When cassettes killed the eight track tape in the mid-1970s, it dominated sales for several years until the compact disc arrived in 1985, said Snead.
Snead soon took the word “sales” out of the store’s name and it thereafter became Norwalk Records, located at 12142 Firestone Blvd.
However, in 1987, the building was damaged as the Whittier Narrows Earthquake forced the store to relocate to the Firestone Plaza, one block west at 12023 Firestone Blvd.
“Business picked up there, in fact we started with one building and ended up with three,” said Snead.
For the next eighteen years, Norwalk Records remained at its new location inside the Firestone Plaza and welcomed new customers as vinyl recordings and oldies regained popularity.
“In the 1970s, 90 percent of our customer base was Hispanic,” said Snead. “When we moved in 1987, we advertised on the radio, on 92.3 and Blacks started coming in. The music we carry, it’s for everyone. We’re selling the same stuff we did in the 1950s.”
However, after years of success, Snead began to noticed a shift in consumer treads.
“In 1998, I felt something wasn’t right. Rent was going up and sales were going down,” said Snead. “We had to do something, we couldn’t stay over there. So I took out a loan to fix up the first location.”
In 2005, Norwalk Records moved back to its former building off of Front Street and Clarkdale Avenue as Lillian Walker-Snead retired leaving the daily operations to Snead.
Today, with more than 10,000 CDs and vinyl recordings in stock, Norwalk Records continues to sell a variety of music from R&B classics and Pop Rock anthems to Latin Rap hits and Jazz standards.
“We have everything from Aalon to Zapp. I’ve got the same Mary Wells now as in 1959 and 1961,” said Snead, 69, who admits he’s a big Elvis Presley fan. “But life wouldn’t be the same without Al Green and James Brown.”
Although the nearly 55-year-old record store remains open seven days a week, it continues to struggle as a growing majority of music buyers favor MP3 formats over traditional compact discs.

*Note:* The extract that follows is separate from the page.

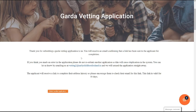If you have any further queries on Garda Vetting, please contact us on 01 405 7102. Thank you.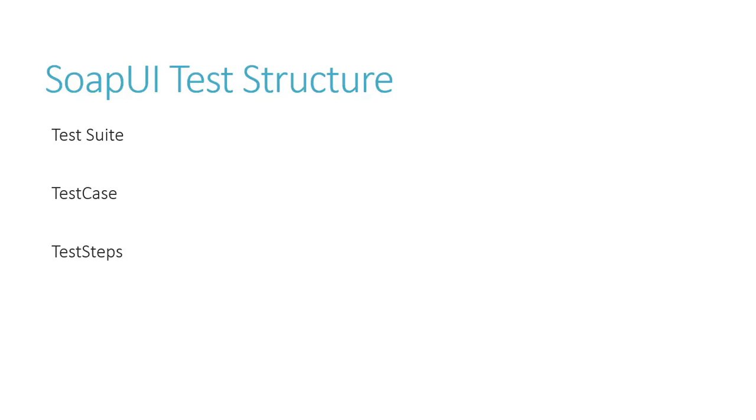SoapUI test structure. SoapUI structures functional tests into three levels: test suites, test cases, and test steps.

“I’ve cut everything I can cut. We had 22 employees at our peak, now we’re down to four,” Snead said soberly. “I thank God for Social Security and Medicare or I don’t think I’d be doing this.”
In an effort to keep up with the times, Snead launched a website for the store and even began offering some of the store’s expansive inventory on Amazon.com.
Although Snead is unsure about the future of the store, he is hopeful that there’s still a place in the music industry for the local music store.
“The rumors that we’ve closed down have been highly exaggerated,” said Snead with a laugh. “I’ll go as long as I can – we’ll drive it to until the wheels fall off.”